* Data section *
- - - -

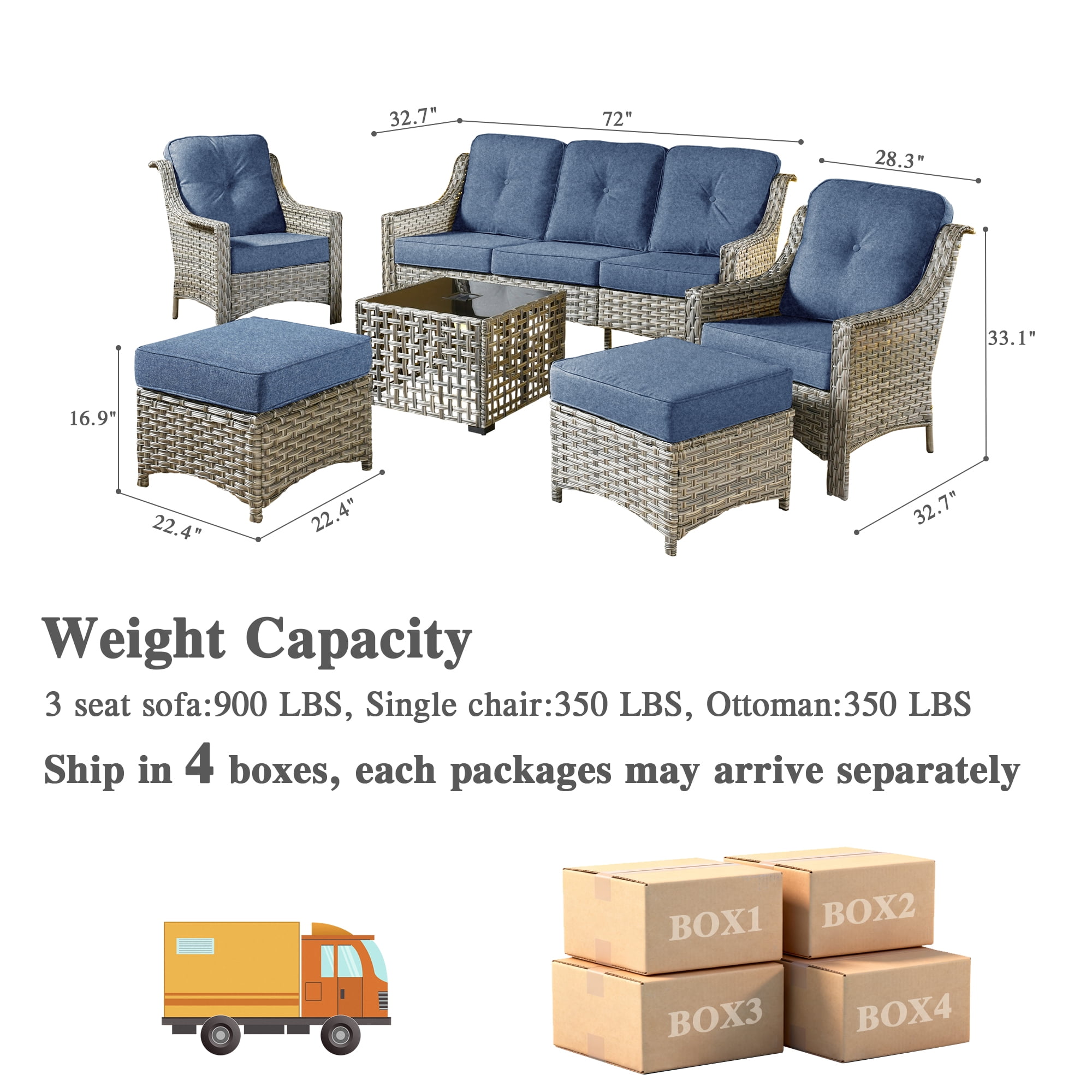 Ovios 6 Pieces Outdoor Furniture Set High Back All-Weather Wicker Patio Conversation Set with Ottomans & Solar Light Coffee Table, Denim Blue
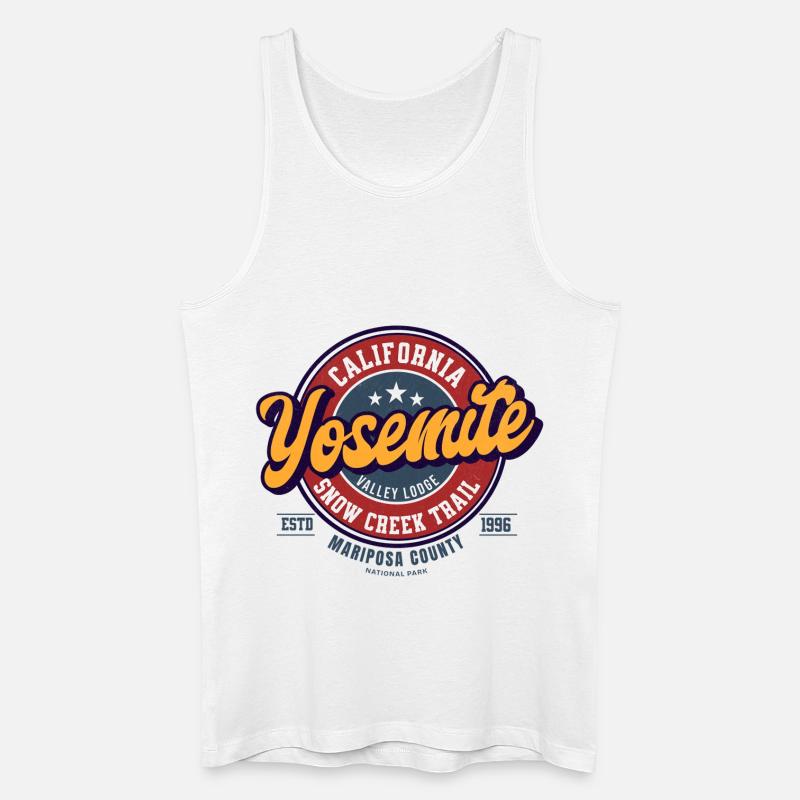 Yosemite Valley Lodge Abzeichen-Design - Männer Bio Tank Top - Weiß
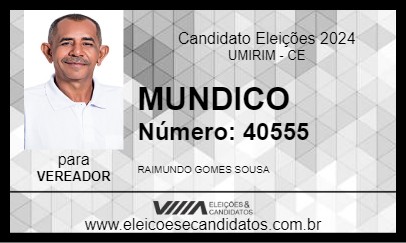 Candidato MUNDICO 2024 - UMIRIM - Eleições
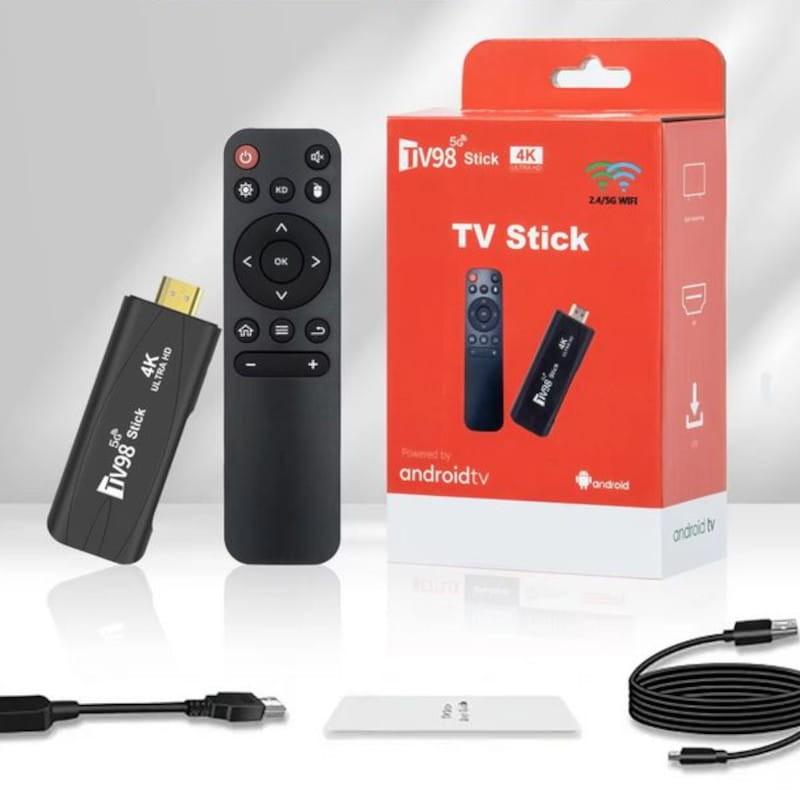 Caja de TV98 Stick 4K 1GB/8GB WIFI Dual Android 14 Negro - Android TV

- - - -

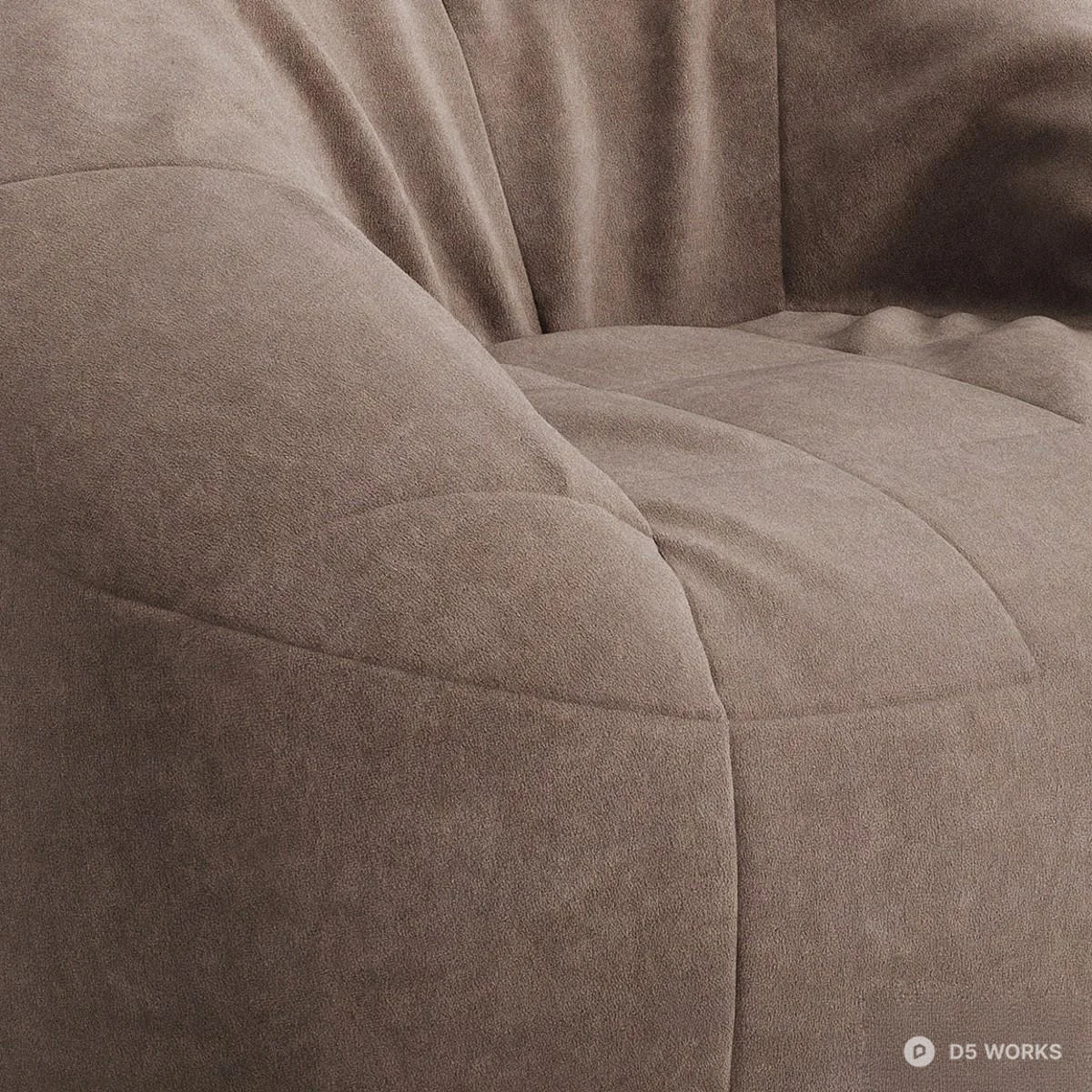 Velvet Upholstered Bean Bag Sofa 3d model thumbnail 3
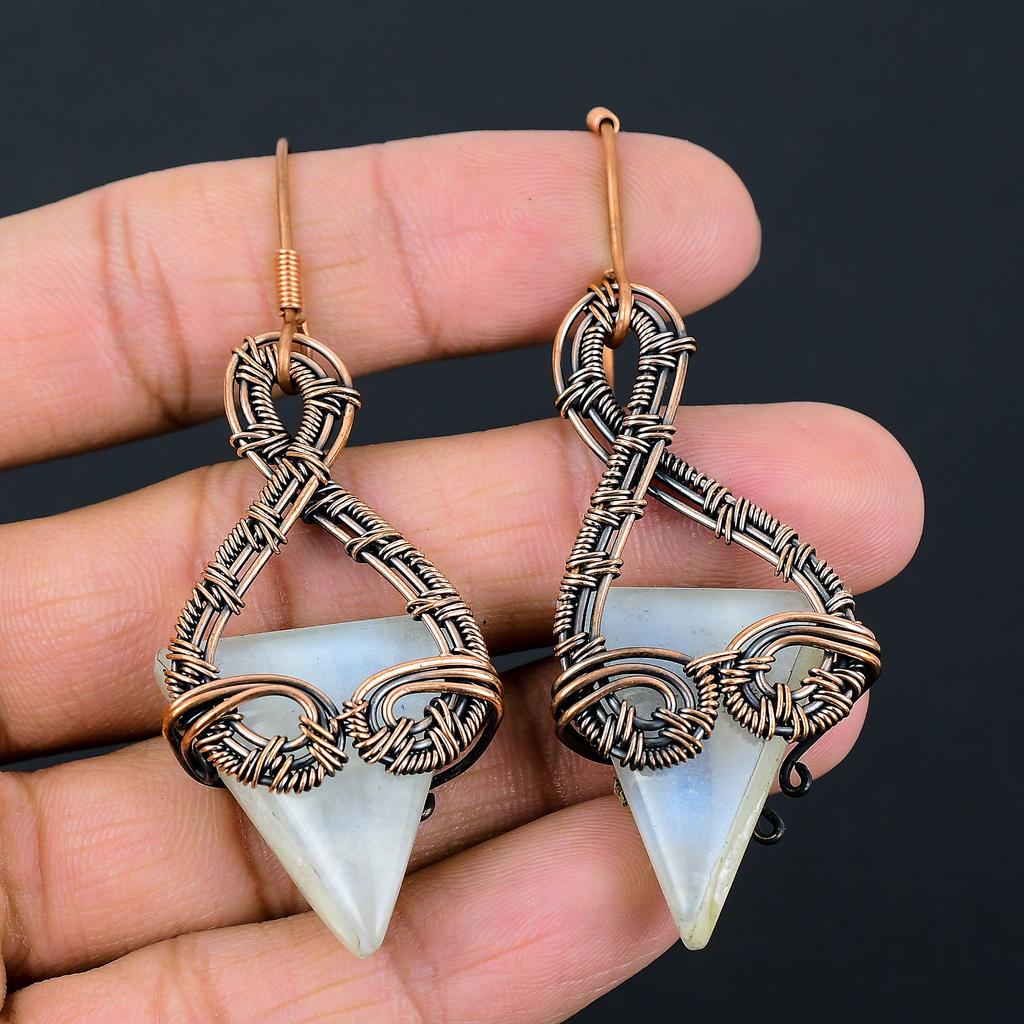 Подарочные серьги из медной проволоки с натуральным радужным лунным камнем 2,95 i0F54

- - - -

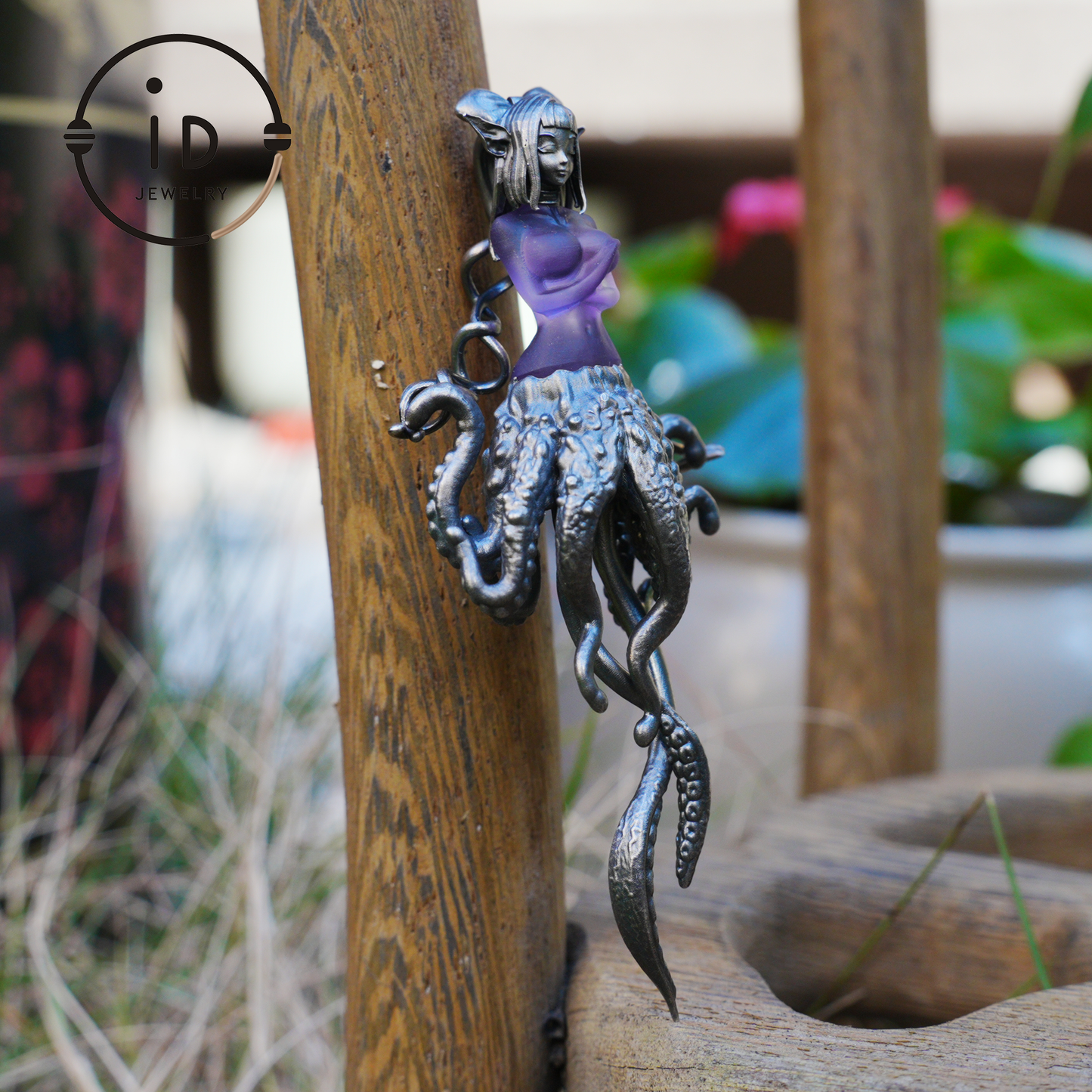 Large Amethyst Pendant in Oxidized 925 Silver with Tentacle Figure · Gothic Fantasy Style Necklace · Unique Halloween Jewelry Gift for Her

- - - -

* Work to complete *
From the line with "Ovios 6 Pieces" up to and including the line with "Caja de TV98" above, retype every line exactly and nothing more; leave out the pictures.

* Written answer *
 Ovios 6 Pieces Outdoor Furniture Set High Back All-Weather Wicker Patio Conversation Set with Ottomans & Solar Light Coffee Table, Denim Blue
 Yosemite Valley Lodge Abzeichen-Design - Männer Bio Tank Top - Weiß
 Candidato MUNDICO 2024 - UMIRIM - Eleições
 Caja de TV98 Stick 4K 1GB/8GB WIFI Dual Android 14 Negro - Android TV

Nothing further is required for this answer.